Can you tell our readers what it is about the work you’re doing that’s disruptive?

Arkive is rethinking the way the world interacts with the art and artifacts that define human culture. We’ve created a platform that lets everyday people curate and create culture while providing access to the most exclusive asset class ever created — art.

Since the first museum opened in 1693, curated spaces have remained the arbiters of culture worldwide. From the Louvre in Paris to the National Palace Museum in Taipei and the Metropolitan Museum of Art in New York, museums have become some of the most iconic symbols of contemporary culture. Yet, despite representing the history and taste of entire populations, none have completely opened their doors to decentralization. Traditionally, museums use curators to decide which artifacts are important and worthy of display. As a result, the artifacts we see that are meant to represent the culture of the many are largely still determined by the few.

Arkive is the first entirely decentralized physical museum redefining what it means to be part of defining the narrative of culture. It’s allowing our community to vote and ultimately build world-class collections. We’re answering the simple question: what if the Smithsonian was owned and curated by the internet?

We all need a little help along the journey. Who have been some of your mentors? Can you share a story about how they made an impact?

Aaron Batalion was there as a sounding board and mentor at the beginning of both Omni and Arkive. He was one of the founders of Living Social and has had a similarly unique professional experience as me. Never sticking to one lane and always evolving his work alongside his personal interests. He’s helped me think through setting long visions and some of the early technical hurdles I would encounter. Also, when I first moved to SF, he and Micah Baldwin (another mentor) used to throw donut meetups down in the peninsula on weekend mornings. It was nice to have a small network of friends one generation ahead of me when I was 25 and basically winging entrepreneurship every day.

In today’s parlance, being disruptive is usually a positive adjective. But is disrupting always good?
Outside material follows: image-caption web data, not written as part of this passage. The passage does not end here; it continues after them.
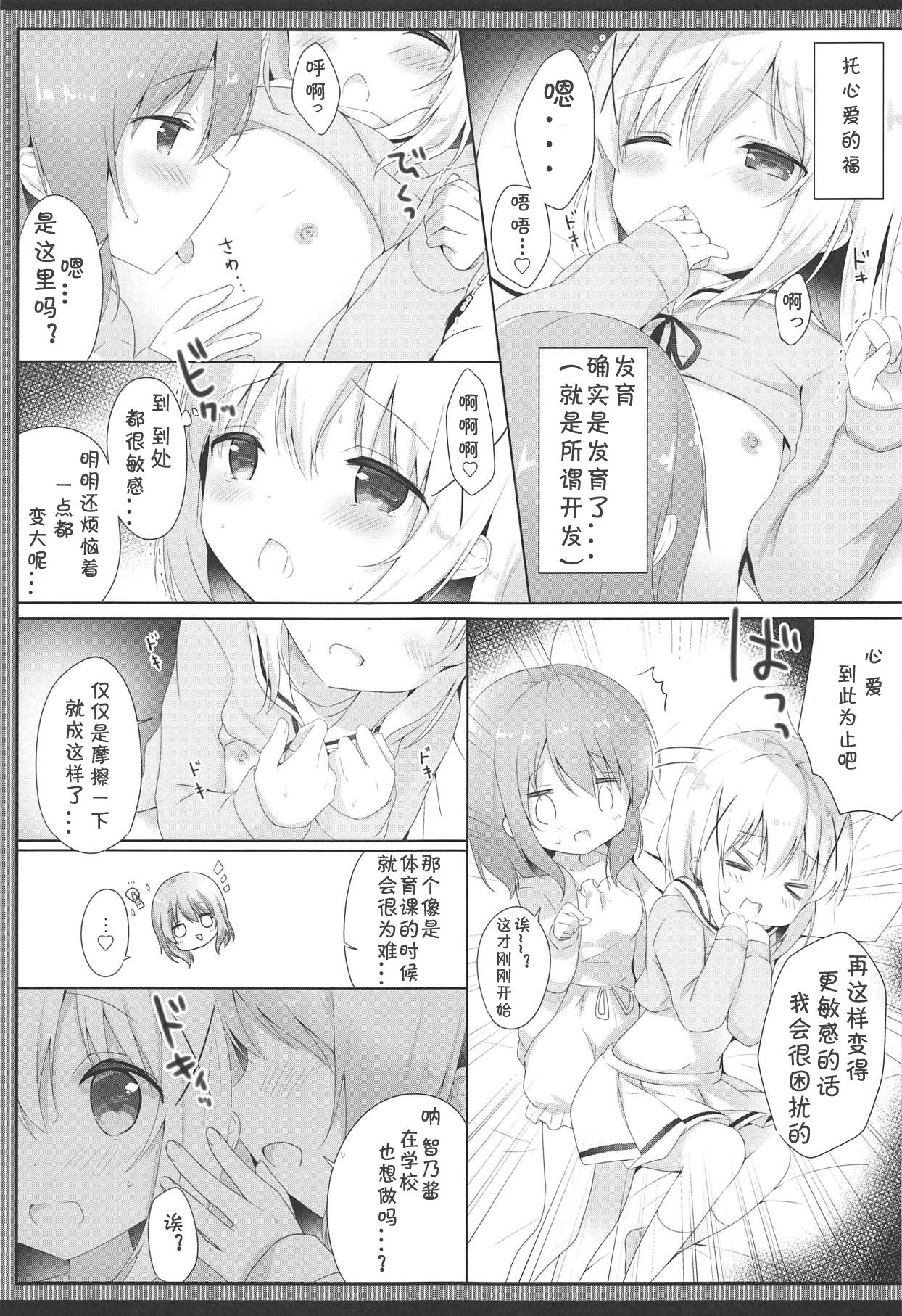 (C95) [Ame Usagi (Amedamacon)] Gochuumon wa Seifuku desu ka? - Is the order a uniform? (Gochuumon wa Usagi desu ka?) [Chinese] [白姬汉化组] page 7 full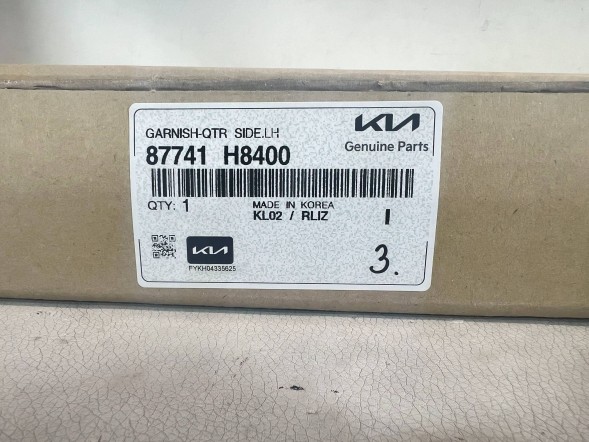 Kia OE 87743H8400 pmi150921 2 ПЛА́НКА КРИЛА ЛІВА ЗАДНЯ KIA STONIC 87743-H8400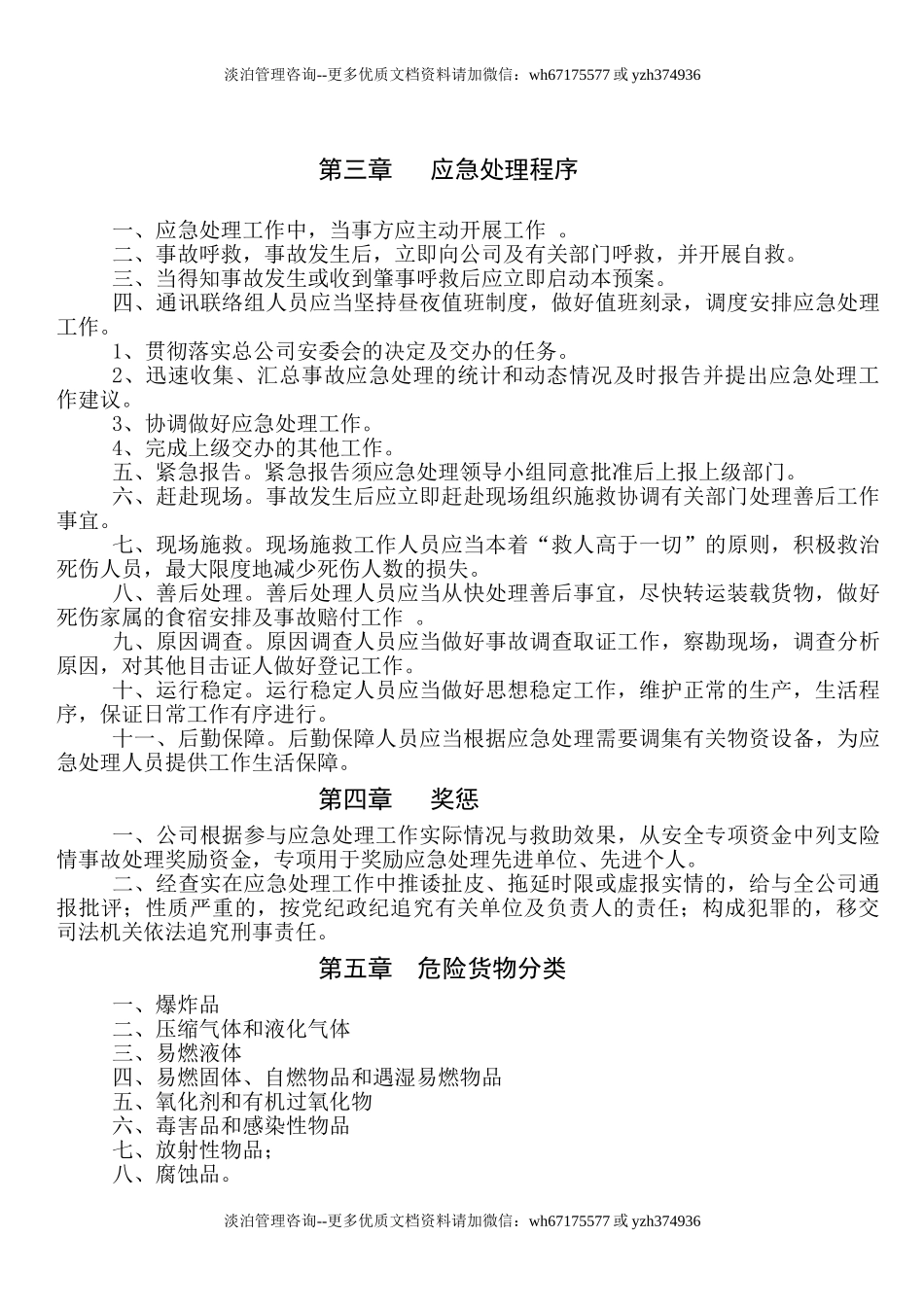 危险化学品运输车辆事故的应急预案.doc_第2页
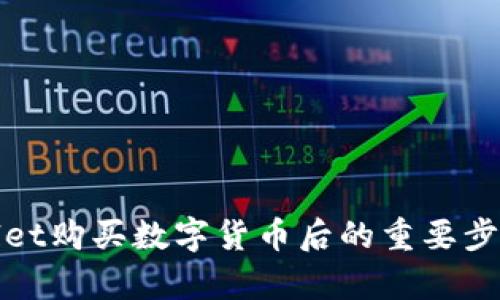 tpwallet购买数字货币后的重要步骤指南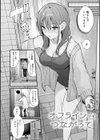 ゆあぴゅあ【デジタル特装版】試し読み20ページ
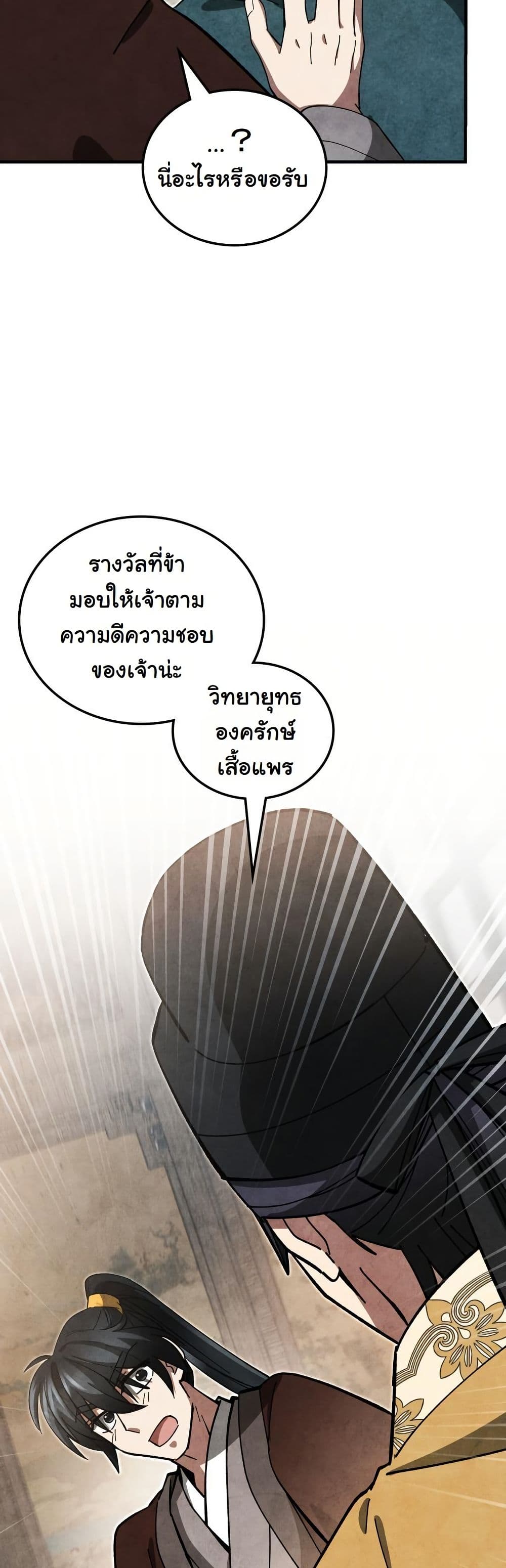 How to Survive as a Martial World Civil Servant page 13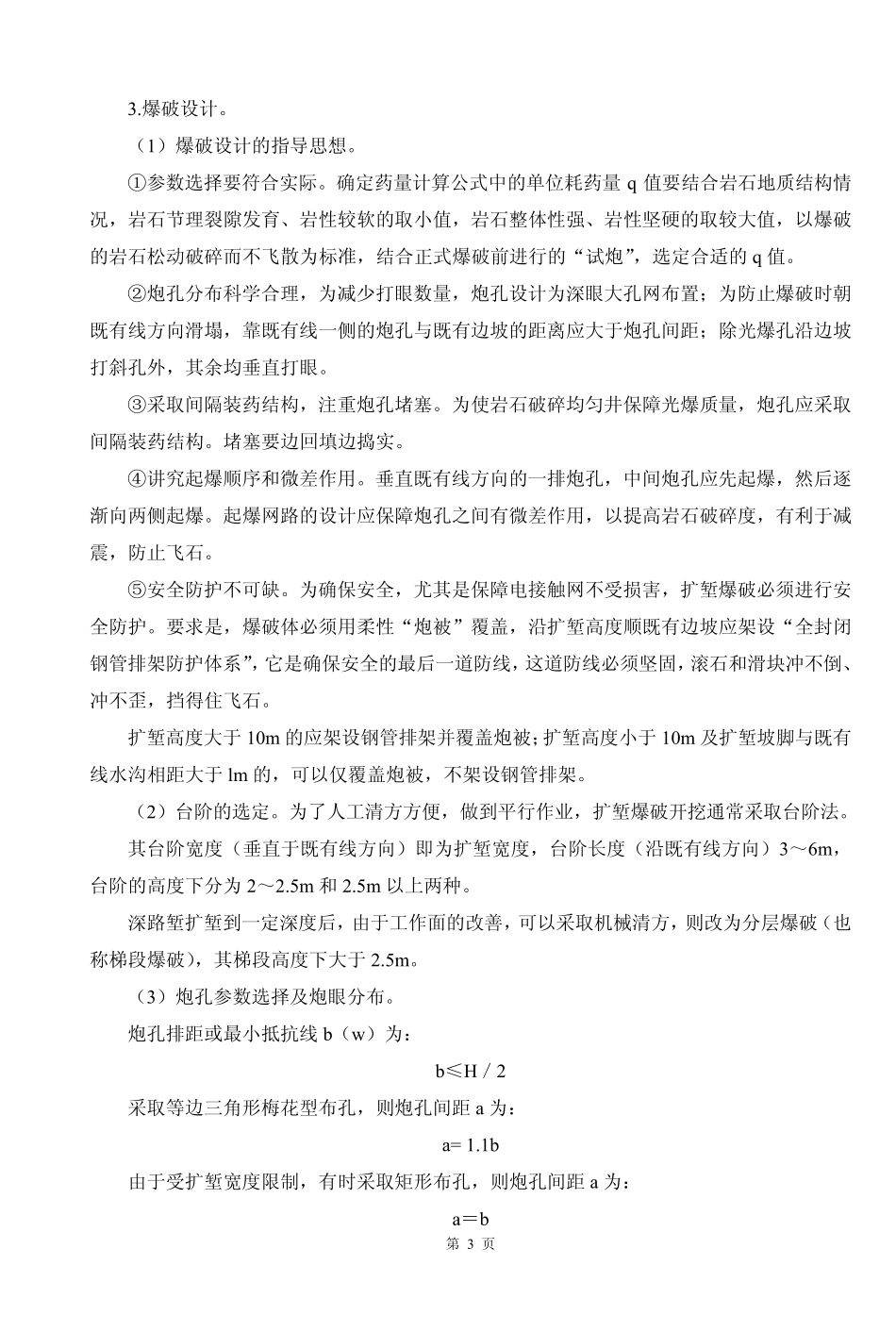 电气化铁路既有线扩堑石方控制爆破安全快速施工工法_第3页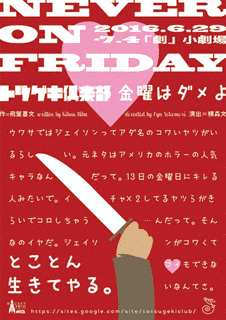 飛葉喜文の画像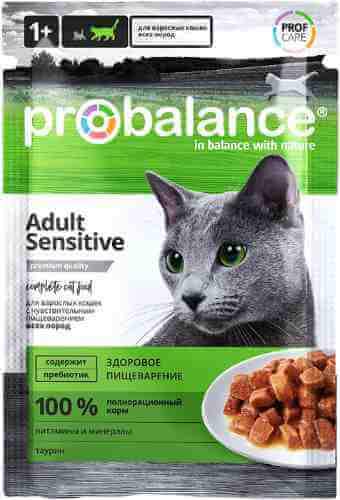 Корм для кошек Probalance Sensitive 85г арт. 1080752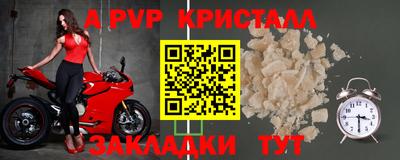 молекула духа Можга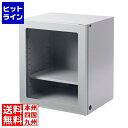 【お買い物マラソン】05/16 AM1:59まで サンワサプライ 防塵ラック(W650×D550) MR-FA65H(2)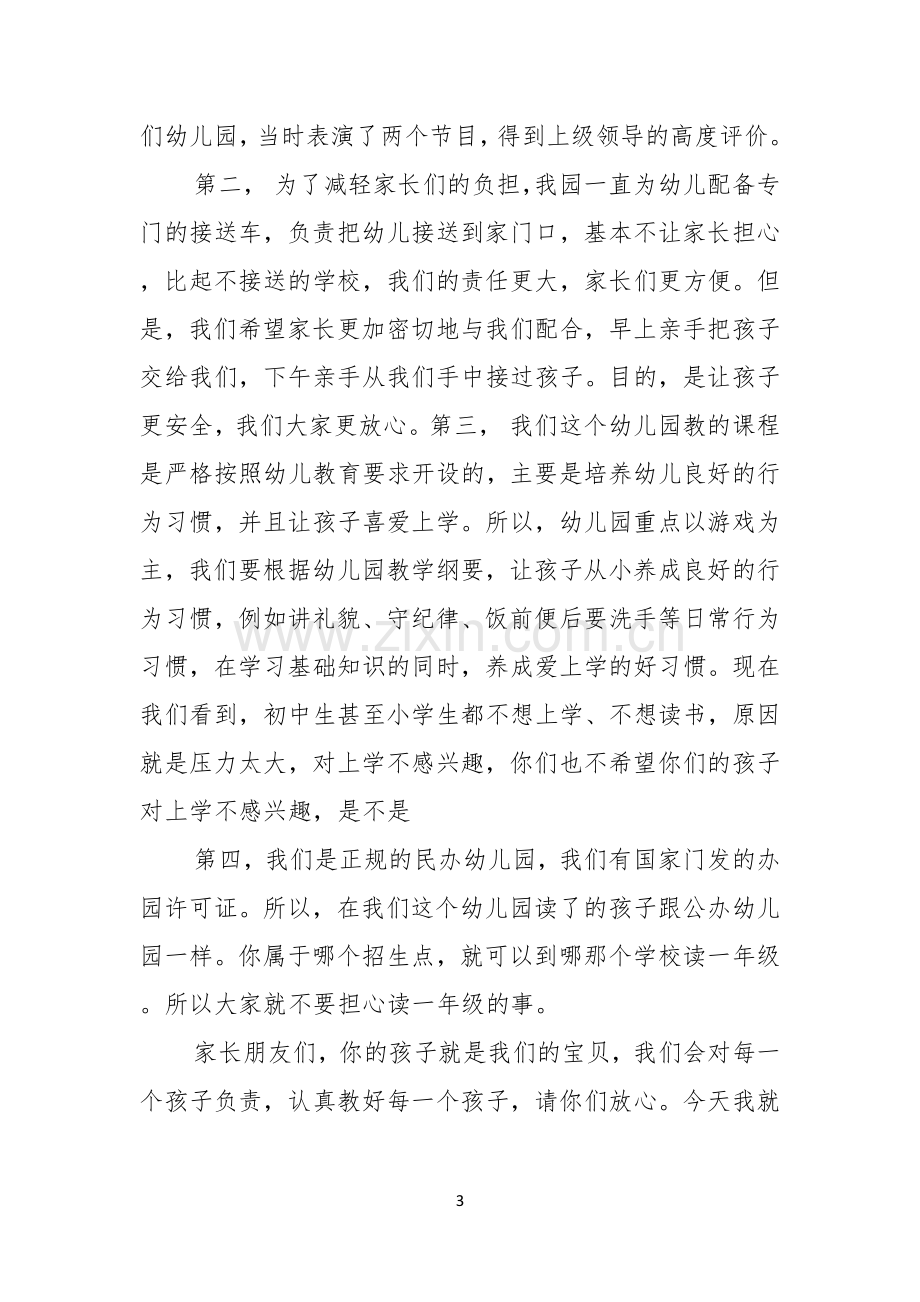 六一儿童节演讲稿锦集七篇.docx_第3页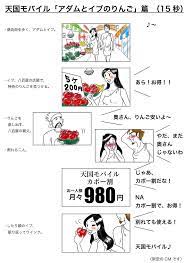 プロのcmプランナーが 絵コンテを描きます 企画意図を正確に読み取る イキイキした絵コンテ しかも早い イラスト作成 ココナラ 絵コンテ ココナラ プランナー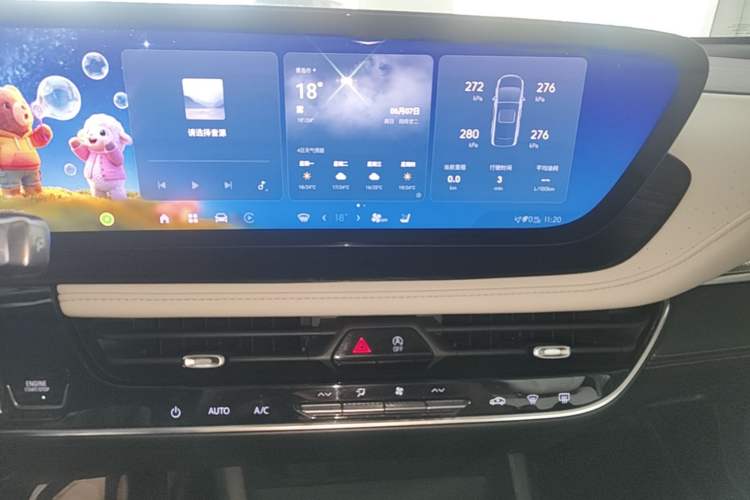 Used Buick LaCrosse 2023 Avia Edition Audio And AC Panel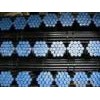 SEAMLESS PIPES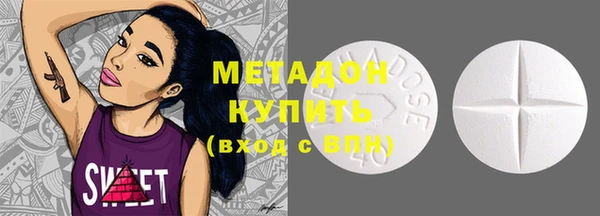 герыч Горняк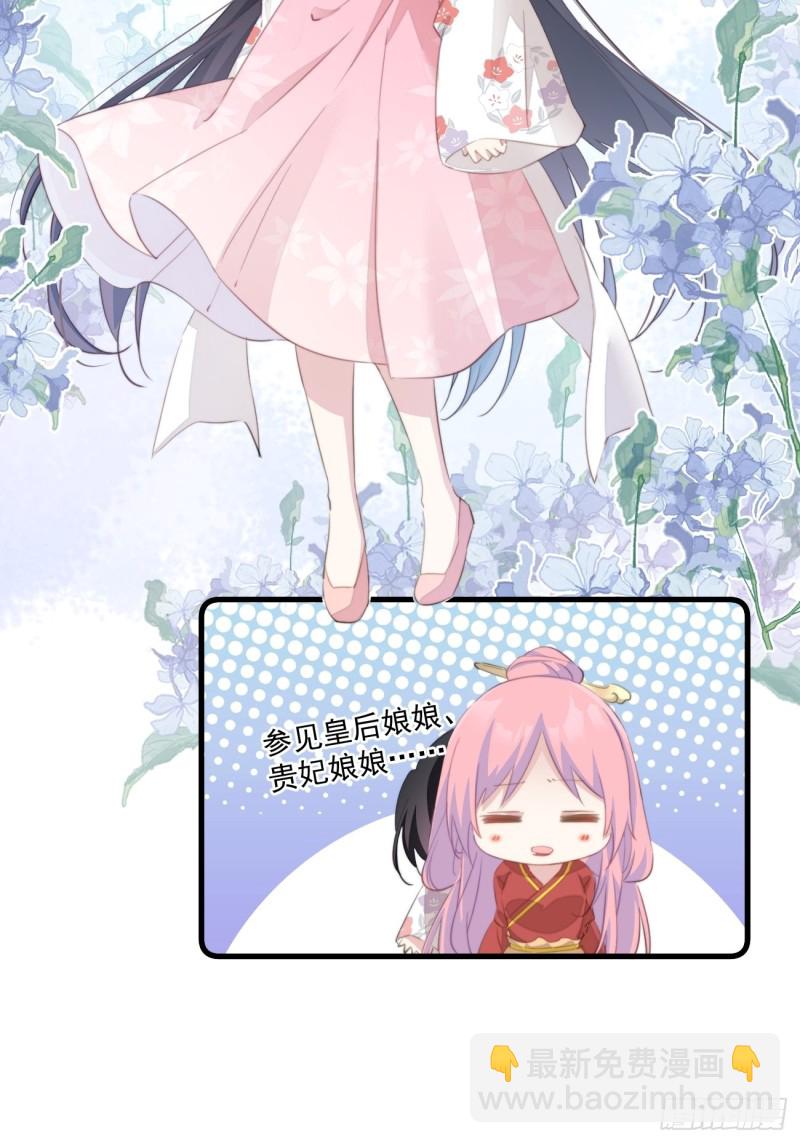 053 自证清白-第55话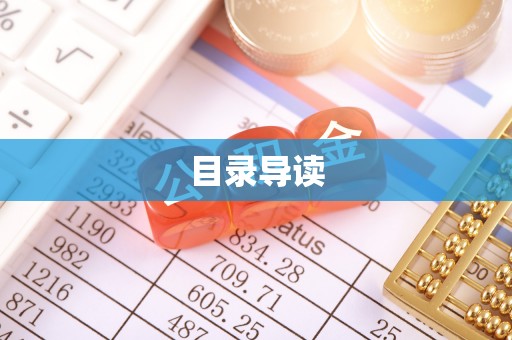 犍为目录导读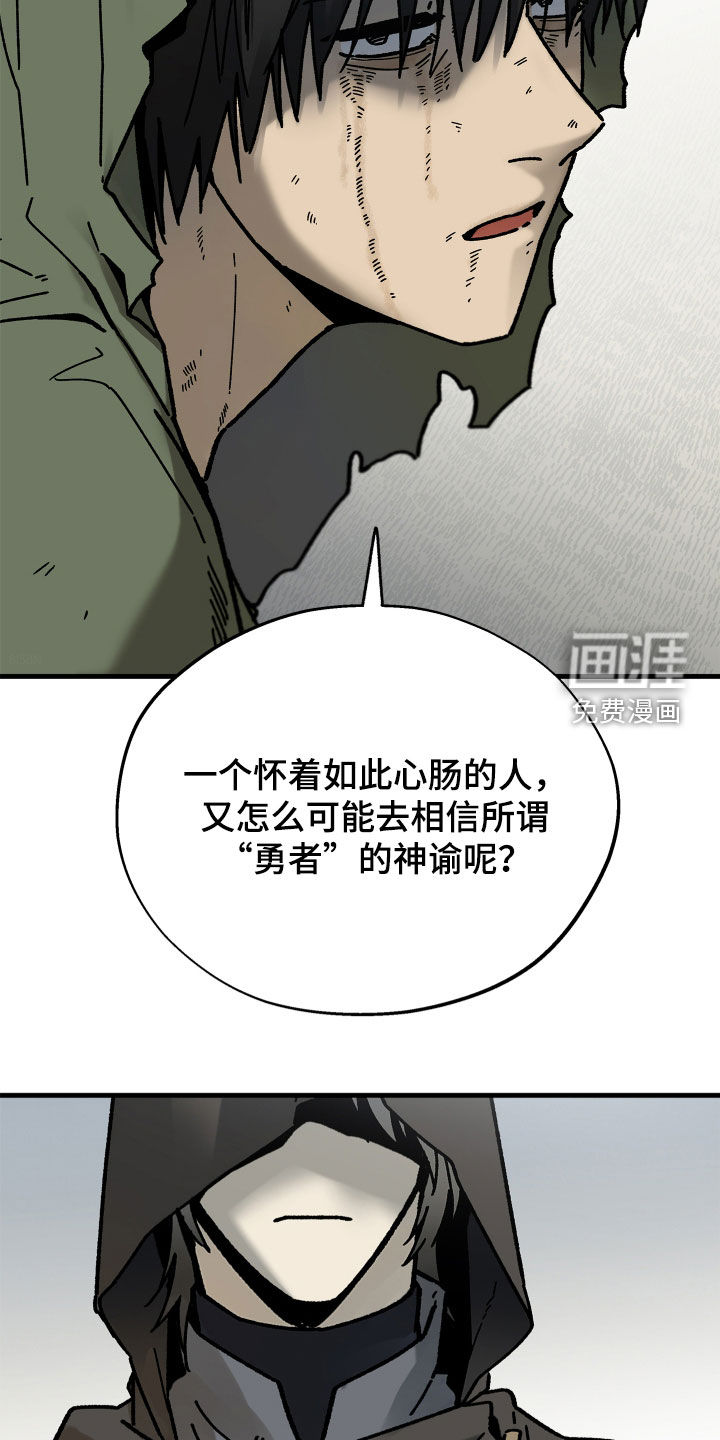 第25话7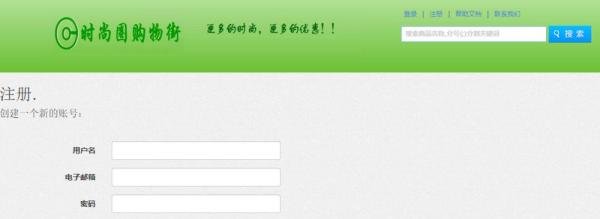 时尚圈购物街提交宝贝方法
When do we say the converse that a system or structure has ‘withstood the test of time’? Can you articulate to our readers when disrupting an industry is positive and when disrupting an industry is ‘not so positive’? Can you share some examples of what you mean?

Art is meant to be disruptive, challenge conformity, and provide alternative perspectives. However, as it currently stands, the majority of the art world is defined and curated by a small group of individuals. This homogeneity leads to a lack of diversity in not just selection but in what it means to define cultural relevance and the history of art.

While the art world — and the art within it — has withstood the test of time, I think that way of thinking about collecting art fundamentally limits our ability to see advancements. Who is to say Beethoven is more important than Drake? Who is to opine that the patent for the first computer is more worthy of display than the first Burton snowboard prototype? The answer is the community.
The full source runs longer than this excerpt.